Create a LigandSet instance from multiple SDF files by concatenating them together.

Parameters:

Name Type Description Default
file_paths list[str]

A list of paths to SDF files.

required
sanitize bool

Whether to sanitize molecules. Defaults to True.

True
remove_hydrogens bool

Whether to remove hydrogens.

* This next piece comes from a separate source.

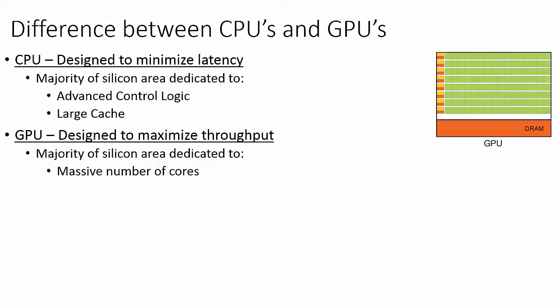More specifically, the GPU is well suited to address problems that can be expressed as data parallel computations, where the same program is executed on many data elements in parallel. Because the same program is executed for each data element, there is a lower requirement for sophisticated control logic, and because it is executed on many data elements, the memory access latency can be hidden with calculations instead of big caches.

Defaults to False.

False

Returns:

Name Type Description
LigandSet LigandSet

A LigandSet instance containing Ligand objects from all SDF files.

Raises:

Type Description
FileNotFoundError

If any of the files do not exist.

DeepOriginException

If any of the files cannot be parsed correctly.

from_smiles classmethod

from_smiles(smiles: list[str] | set[str]) -> LigandSet

Create a LigandSet from a list of SMILES strings.

map_network

map_network(
    *,
    use_cache: bool = True,
    operation: Literal[
        "mapping", "network", "full"
    ] = "network",
    network_type: Literal["star", "mst", "cyclic"] = "mst"
)

Map a network of ligands from an SDF file using the DeepOrigin API.

mcs

mcs() -> str

Generates the Most Common Substructure (MCS) for ligands in a LigandSet

Returns:

Type Description
str

smartsString (str) : SMARTS string representing the MCS

protonate

protonate(
    *, ph: number = 7.4, filter_percentage: number = 1.0
)

Protonate the ligandSet. Only the most abundant species is retained for each ligand.

random_sample

random_sample(n: int) -> LigandSet

Return a new LigandSet containing n randomly selected ligands.

Parameters:

Name Type Description Default
n int

Number of ligands to randomly sample

required

Returns:

Name Type Description
LigandSet LigandSet

A new LigandSet with n randomly selected ligands

Raises:

Type Description
ValueError

If n is greater than the total number of ligands

show

show()

Visualize all ligands in this LigandSet in 3D

show_df

show_df()

Show ligands in the set in a dataframe with 2D visualizations.

show_grid

show_grid(
    mols_per_row: int = 3,
    sub_img_size: tuple[int, int] = (300, 300),
)

show all ligands in the LigandSet in a grid

show_network

show_network()

Show the network of ligands in the set.

to_dataframe

to_dataframe() -> DataFrame

Convert the LigandSet to a pandas DataFrame.

to_rdkit_mols

to_rdkit_mols() -> list[Mol]

Convert all ligands in the set to RDKit molecules.

to_sdf

to_sdf(output_path: Optional[str] = None) -> str

Write all ligands in the set to a single SDF file, preserving all properties from each Ligand's mol field.

Parameters:

Name Type Description Default
output_path str

The path to the output SDF file.

None

Returns:

Name Type Description
str str

The path to the written SDF file.

to_smiles

to_smiles() -> list[str]

Convert all ligands in the set to SMILES strings.